- EXERCISE DIRECTIONS -
Word for word, retype the lines from the one containing "TCL 75MQLED87" to the one containing "Second hand - Apartment" below, keeping both end lines and dropping the pictures.

- Image-text web data -
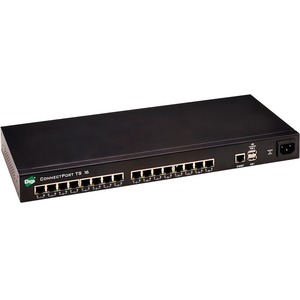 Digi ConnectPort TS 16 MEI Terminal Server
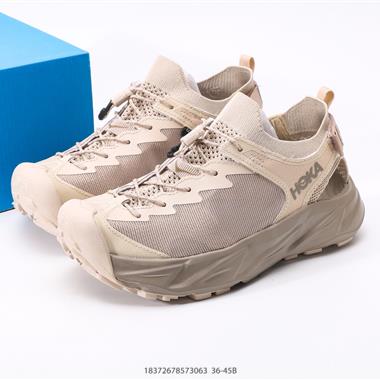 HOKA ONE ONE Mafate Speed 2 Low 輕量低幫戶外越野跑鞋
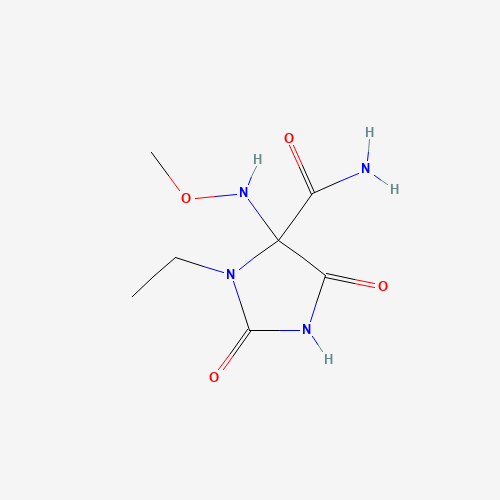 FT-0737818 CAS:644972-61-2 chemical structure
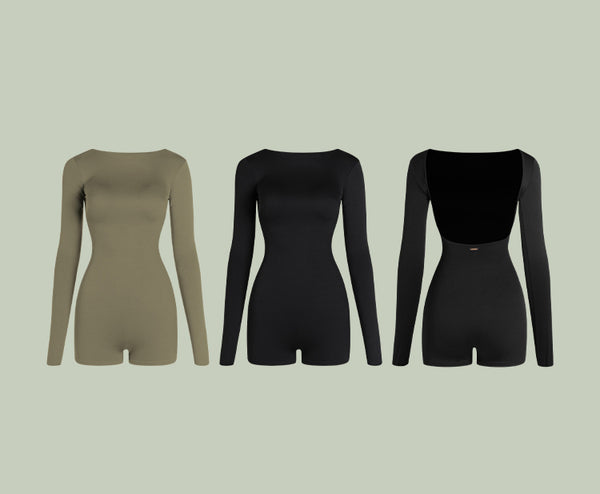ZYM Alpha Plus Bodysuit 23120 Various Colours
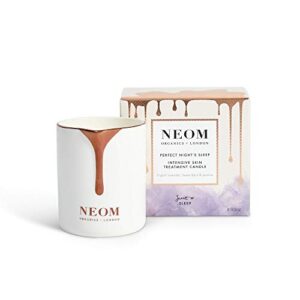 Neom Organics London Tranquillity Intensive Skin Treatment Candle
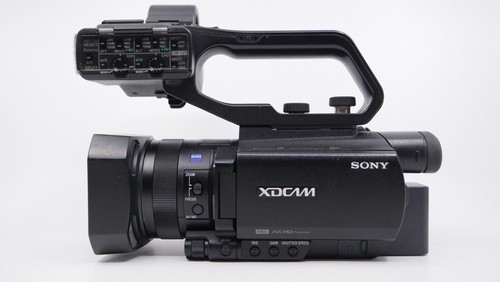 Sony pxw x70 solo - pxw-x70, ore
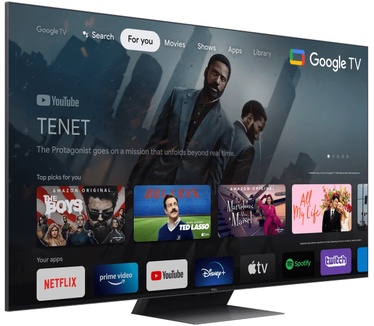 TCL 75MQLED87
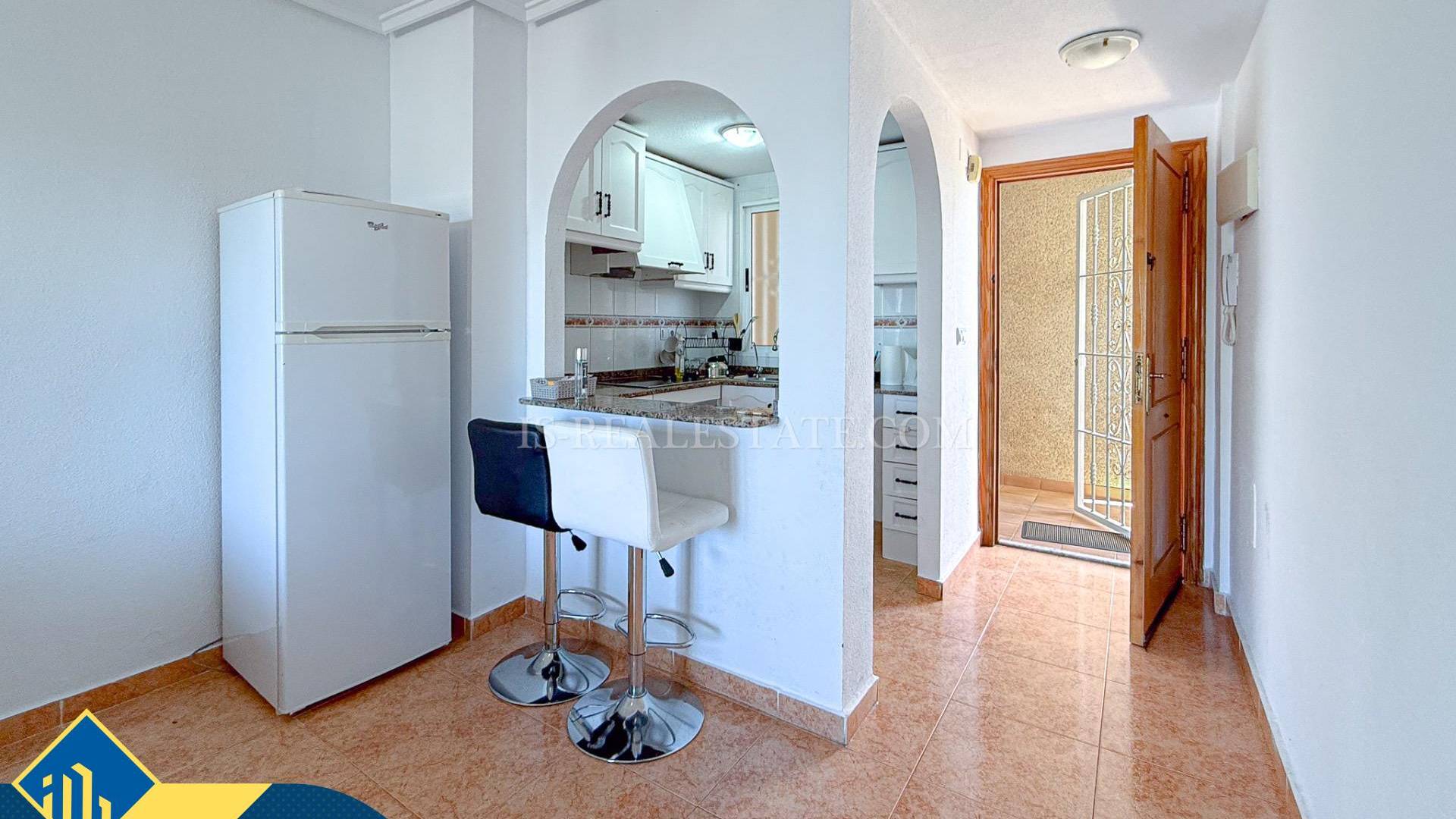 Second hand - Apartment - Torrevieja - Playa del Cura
* * *
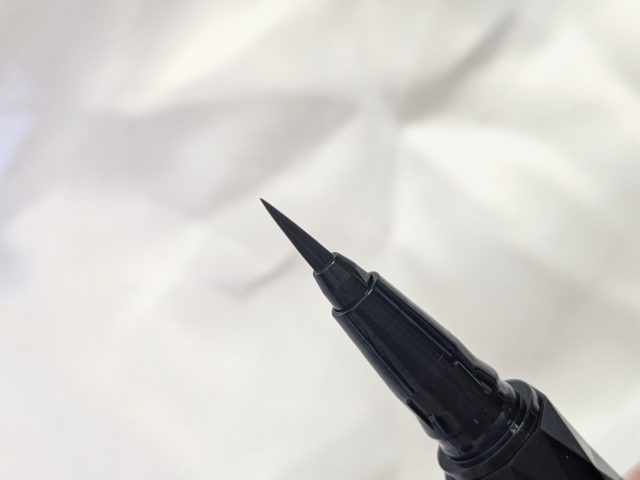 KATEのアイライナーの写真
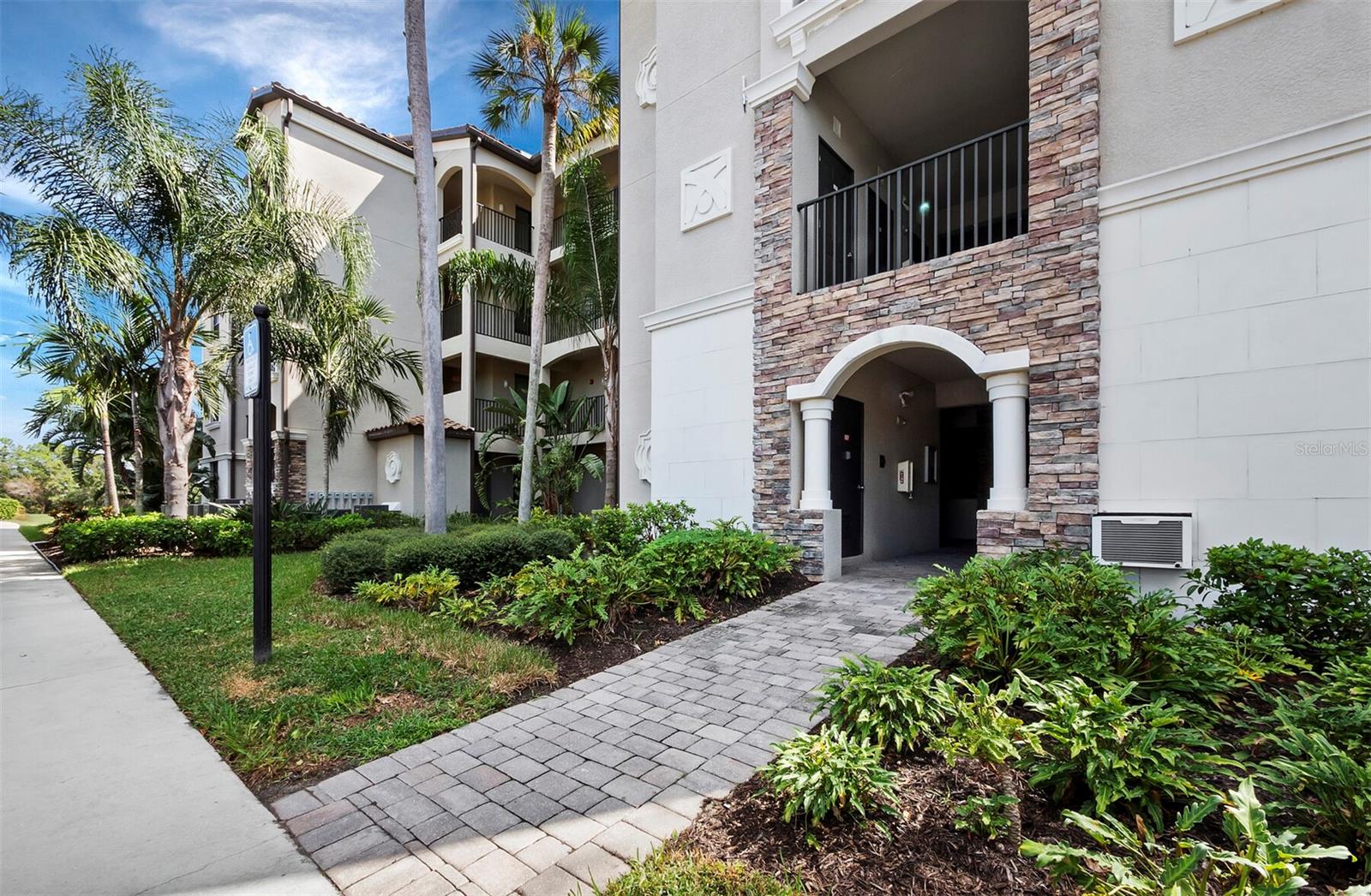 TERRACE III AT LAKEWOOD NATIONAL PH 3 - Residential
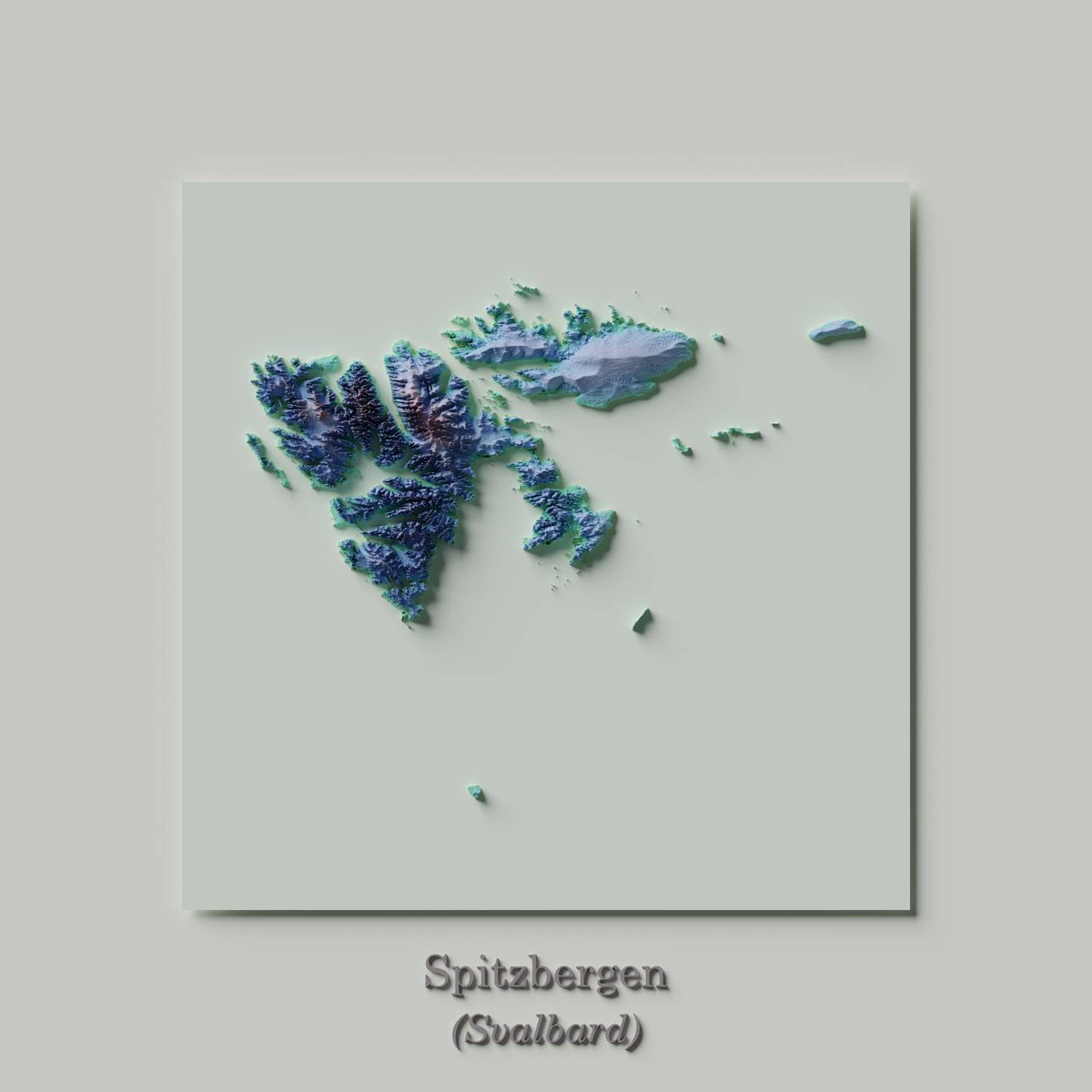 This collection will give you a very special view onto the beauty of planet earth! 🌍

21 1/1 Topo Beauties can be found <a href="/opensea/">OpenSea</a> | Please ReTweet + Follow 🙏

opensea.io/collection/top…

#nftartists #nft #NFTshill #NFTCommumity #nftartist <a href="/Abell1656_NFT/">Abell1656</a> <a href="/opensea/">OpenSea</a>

- RESULT -
 TCL 75MQLED87
 Second hand - Apartment - Torrevieja - Playa del Cura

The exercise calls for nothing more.